The answer is to be an exact copy of the lines below running from the line with "Open rehearsal: Friends and old faces flyer" down to the line with "AK license plate GXN390", both ends included, and nothing more.

_Exercise data_.
---

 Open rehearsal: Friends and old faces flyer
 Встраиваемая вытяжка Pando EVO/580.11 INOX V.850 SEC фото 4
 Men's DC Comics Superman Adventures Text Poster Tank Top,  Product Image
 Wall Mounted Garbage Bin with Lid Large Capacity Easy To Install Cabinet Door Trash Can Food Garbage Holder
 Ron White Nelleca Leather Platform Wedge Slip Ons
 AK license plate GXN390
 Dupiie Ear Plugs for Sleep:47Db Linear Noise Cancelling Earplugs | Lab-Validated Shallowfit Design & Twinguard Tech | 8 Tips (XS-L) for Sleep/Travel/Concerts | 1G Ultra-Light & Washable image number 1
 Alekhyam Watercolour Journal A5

---

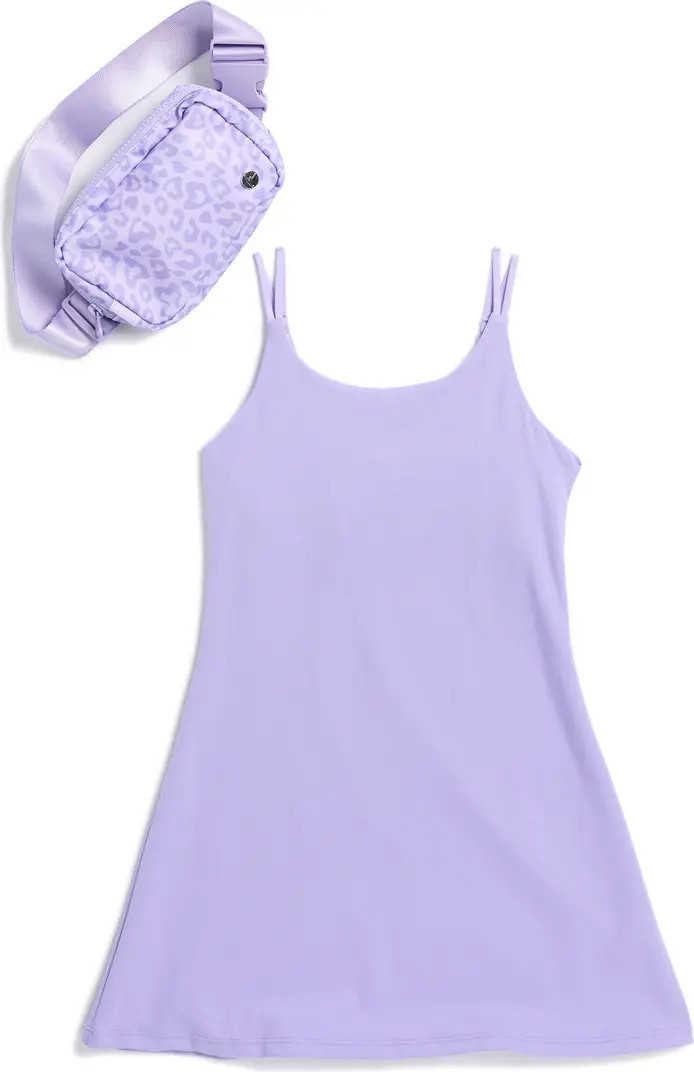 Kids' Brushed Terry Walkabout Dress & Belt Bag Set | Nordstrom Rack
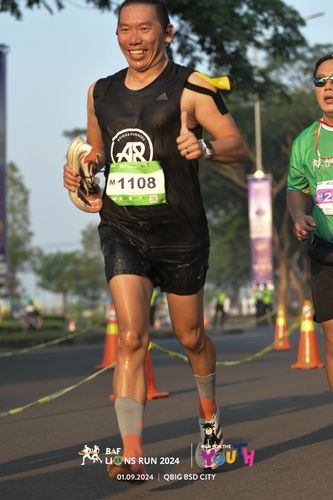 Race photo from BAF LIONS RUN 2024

---

_Exercise solution_.
 Open rehearsal: Friends and old faces flyer
 Встраиваемая вытяжка Pando EVO/580.11 INOX V.850 SEC фото 4
 Men's DC Comics Superman Adventures Text Poster Tank Top,  Product Image
 Wall Mounted Garbage Bin with Lid Large Capacity Easy To Install Cabinet Door Trash Can Food Garbage Holder
 Ron White Nelleca Leather Platform Wedge Slip Ons
 AK license plate GXN390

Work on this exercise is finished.